**BRIEF:** Lines before the one containing "Primeras elecciones municipales" are not wanted; restate the rest below word for word, through the last line, but drop any pictures.

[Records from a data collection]
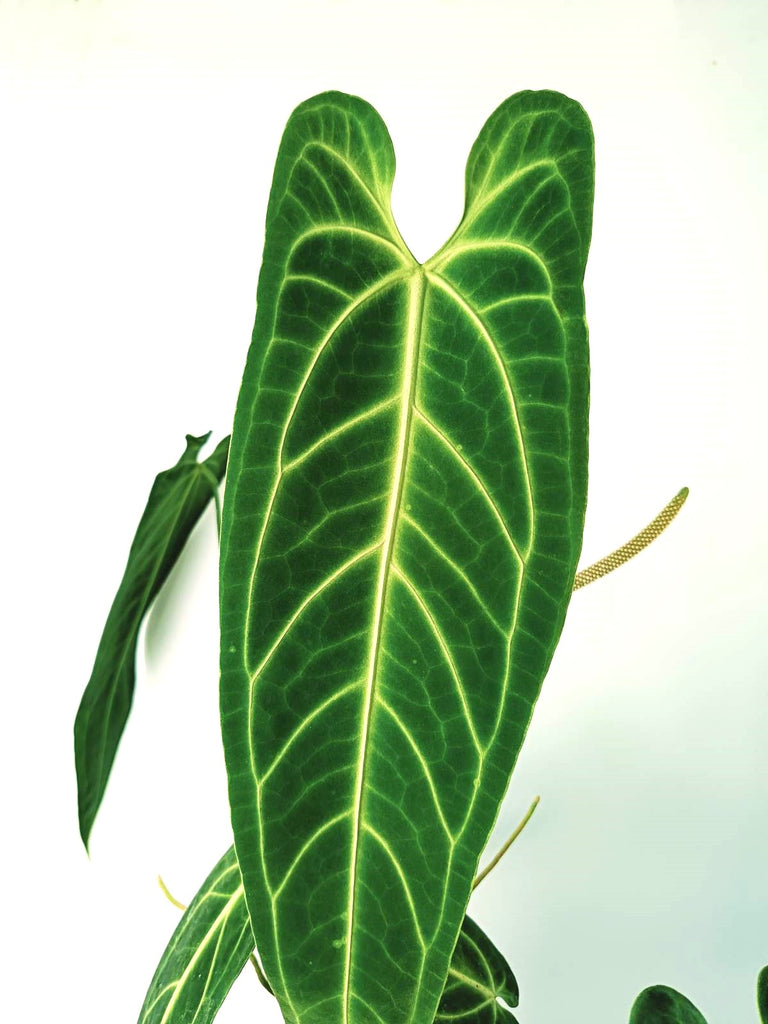 Anthurium warocqueanum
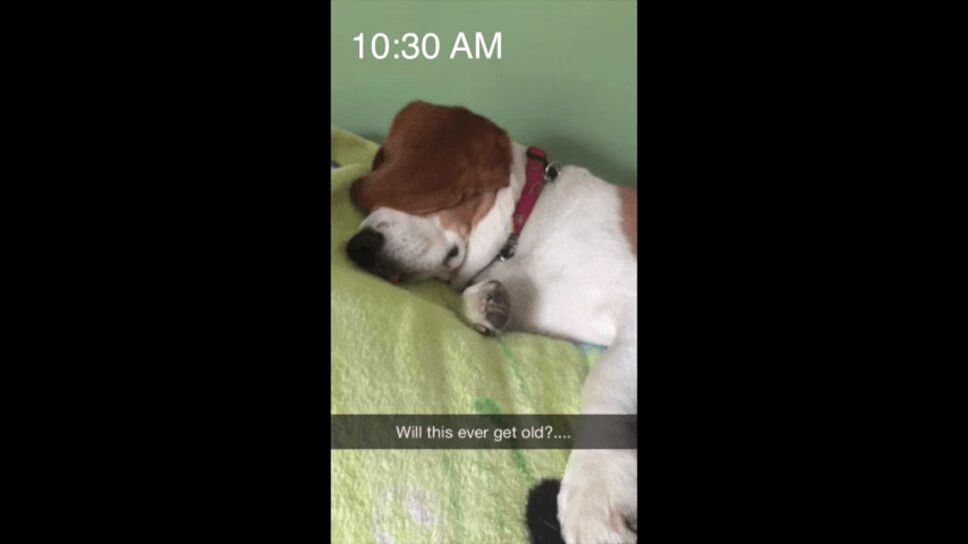 This Adorable Beagle Will Never Say 'No' to a Walk (VIDEO)
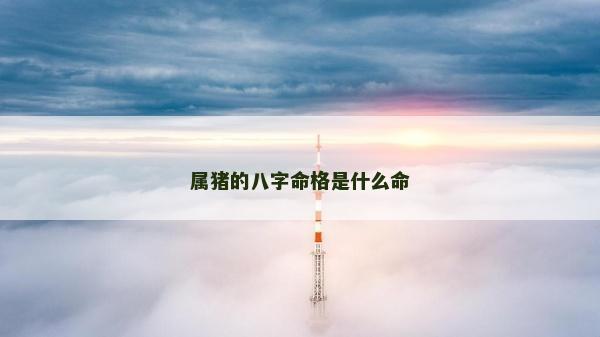 屬豬的八字命格是什么命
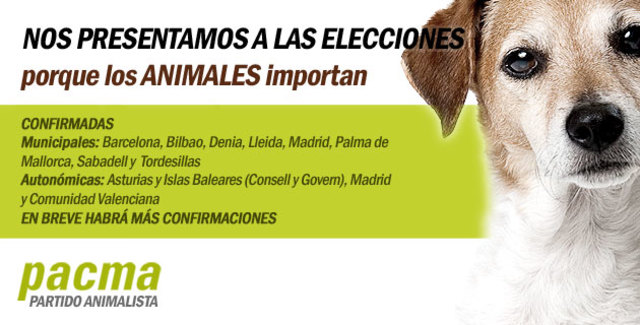 Primeras elecciones municipales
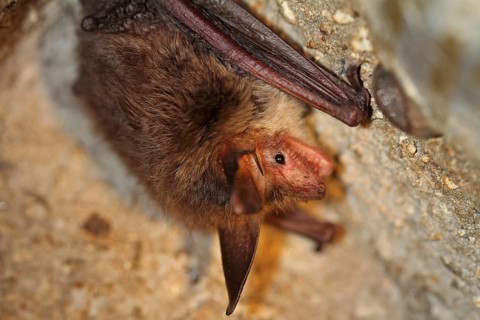 Bechstein's bat (Myotis bechsteinii)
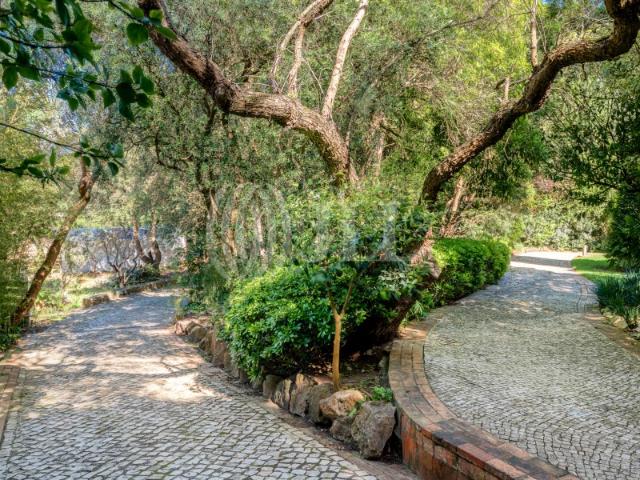 Terreno venda em Visconde da Luz, Cascais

**WORKED SOLUTION:**
 Primeras elecciones municipales
 Bechstein's bat (Myotis bechsteinii)
 Terreno venda em Visconde da Luz, Cascais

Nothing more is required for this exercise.